The enhanced graphical startup and user switching experience makes Fedora feel more like a polished, professional product. It's eyecandy, but it's such delicious eyecandy!

Scope

KMS requires per-driver kernel support. The initial targets are ATI and Intel graphics chips, as sufficient documentation exists to implement kernel drivers for them. The design of the kernel's KMS API is still in flux, and interacts with any kernel video memory management subsystems that may be in play (GEM, TTM, etc.). Plymouth, and the corresponding 2D X drivers, also need to be updated to use the new KMS APIs when they are available.

Test Plan

KMS is highly hardware dependent. At least the following configurations need to be tested:

  • Intel 915/945
  • Intel 965 and above
  • Intel 865 and below
  • Radeon R500 and above (ie, ATOM BIOS enabled)
  • Radeon R400 and below (ie, not ATOM)
  • Everything else

Plymouth testing is expected to be described on Features/BetterStartup. For each of the above configurations, plymouth should do the expected thing, whatever that is: either graphical splash if KMS support lands for that hardware profile, or text splash if not.

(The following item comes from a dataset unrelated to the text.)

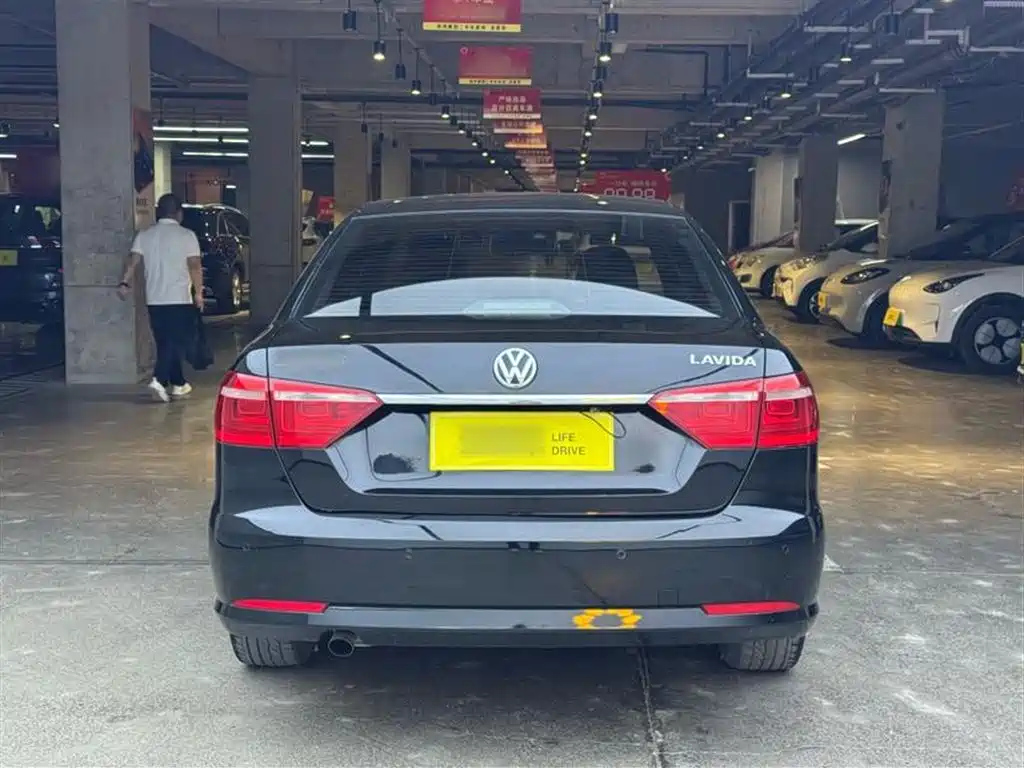 VOLKSWAGEN LAVIDA 2013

For each configuration, X startup and shutdown needs to work as expected, both when plymouth is enabled and when it is disabled. Additionally, fast user switching must be tested and working.

Graphical panic support will likely get tested "for free", since it's hard not to accidentally panic at least once while developing the appropriate kernel code. However, manual testing can be achieved by starting X and then echo 1 > /proc/sys/kernel/panic as root.

User Experience

For KMS-enabled hardware, the user should spend much less time watching their monitor blink while the system starts up. Fast user switching will be faster and smoother, making Fedora more pleasant for non-technical and casual users.

Dependencies

Plymouth and the X server will both consume the KMS services provided by the kernel. Plymouth really does not want to be in the business of having multiple drivers, so a consistent API between kernel drivers is desirable.

Contingency Plan

If kernel modesetting is not present, user modesetting is performed by the appropriate X server DDX driver as in past releases.

Documentation

Related links:

Release Notes

Probably. If it's possible to disable KMS support for a DRM driver, that information should go here.